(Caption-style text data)
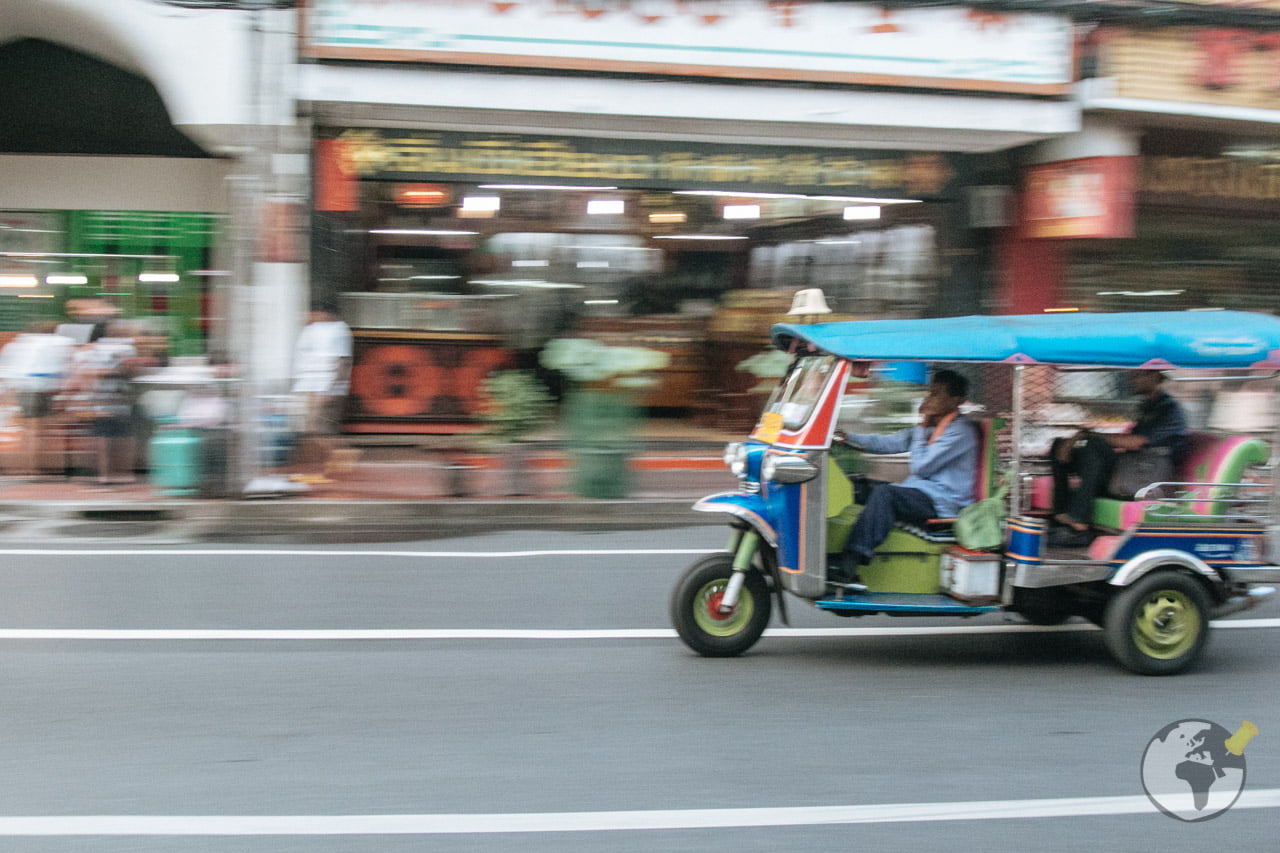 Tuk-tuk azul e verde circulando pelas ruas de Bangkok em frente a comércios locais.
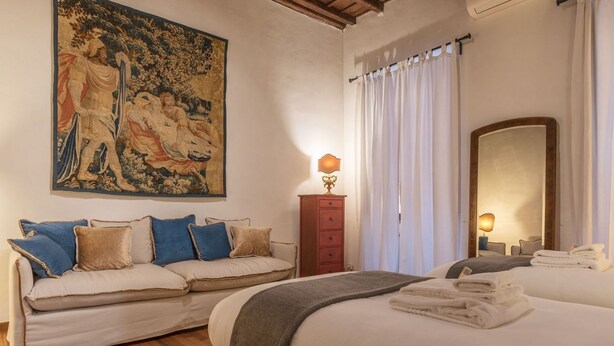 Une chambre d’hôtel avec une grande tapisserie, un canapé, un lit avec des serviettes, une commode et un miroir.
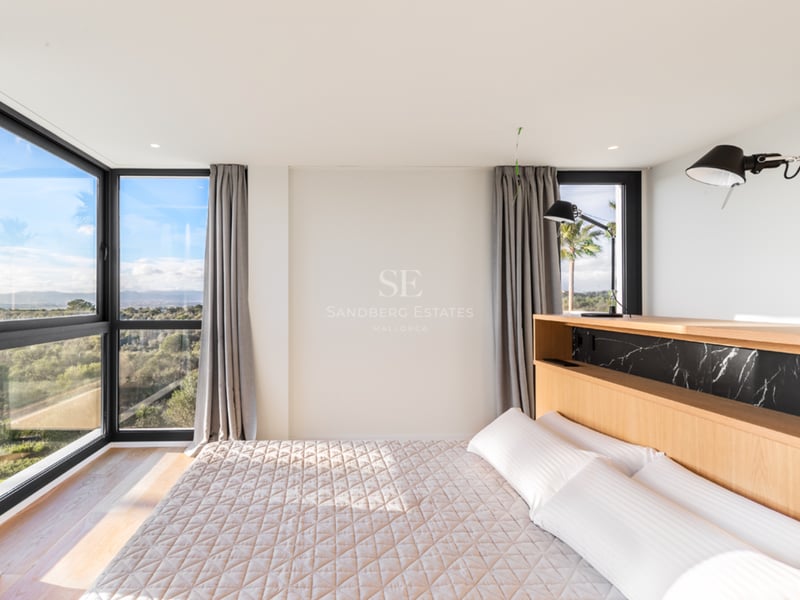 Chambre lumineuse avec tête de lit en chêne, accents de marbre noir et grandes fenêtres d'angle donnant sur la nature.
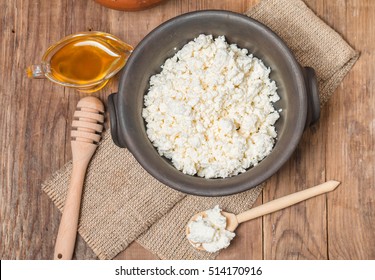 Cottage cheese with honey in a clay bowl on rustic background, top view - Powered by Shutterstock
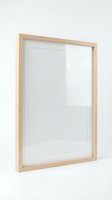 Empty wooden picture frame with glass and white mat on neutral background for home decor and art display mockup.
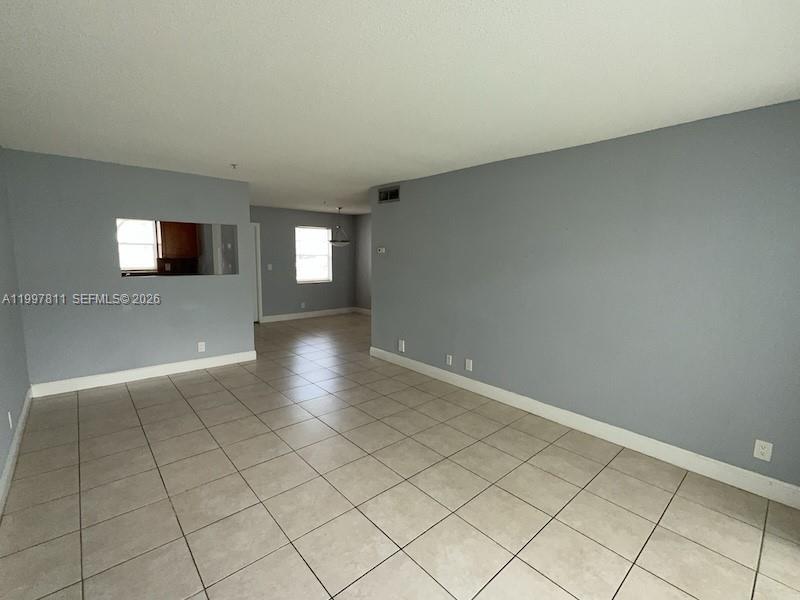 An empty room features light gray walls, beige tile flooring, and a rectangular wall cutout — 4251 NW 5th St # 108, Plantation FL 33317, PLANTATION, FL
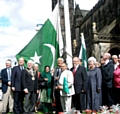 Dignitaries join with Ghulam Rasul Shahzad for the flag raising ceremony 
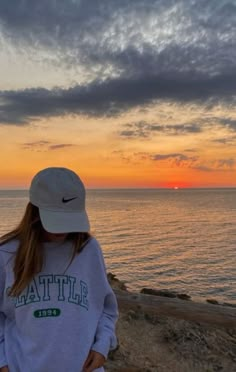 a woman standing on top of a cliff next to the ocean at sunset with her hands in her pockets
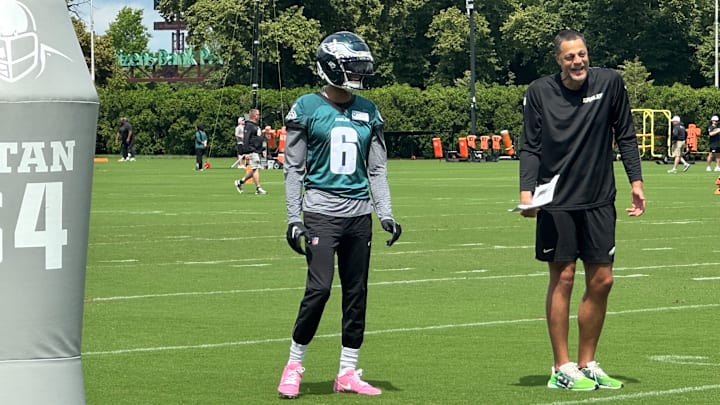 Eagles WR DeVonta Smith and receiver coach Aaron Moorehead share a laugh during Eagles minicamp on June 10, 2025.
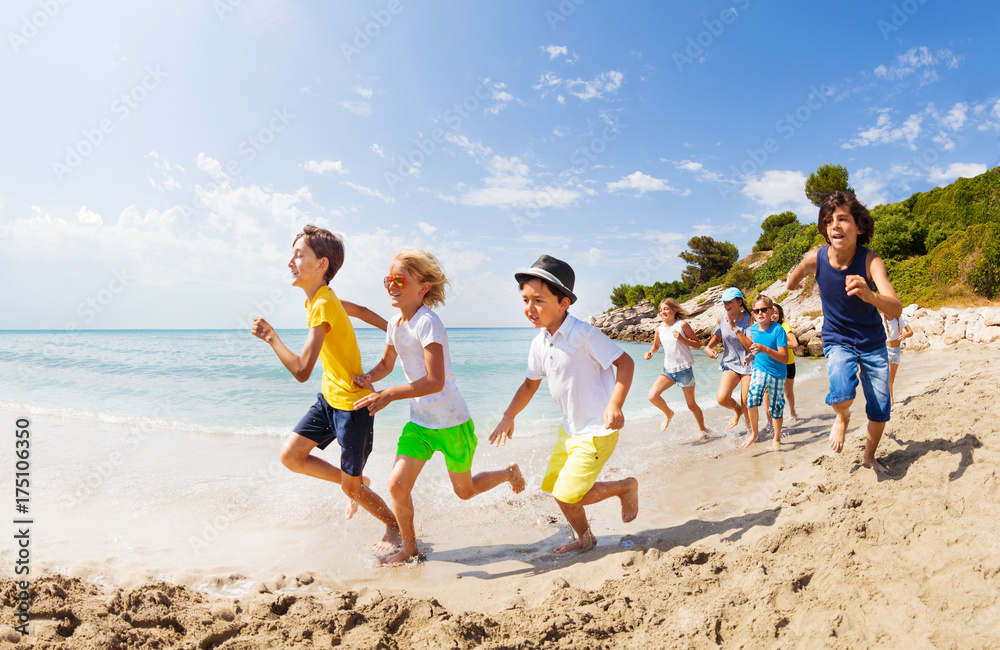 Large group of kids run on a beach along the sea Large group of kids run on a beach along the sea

# Task item
When you reach the line containing "a woman standing" in the entries above, please retype it and each line after it through the last one, exactly, without the pictures.

# Answer below
 a woman standing on top of a cliff next to the ocean at sunset with her hands in her pockets
 Eagles WR DeVonta Smith and receiver coach Aaron Moorehead share a laugh during Eagles minicamp on June 10, 2025.
 Large group of kids run on a beach along the sea Large group of kids run on a beach along the sea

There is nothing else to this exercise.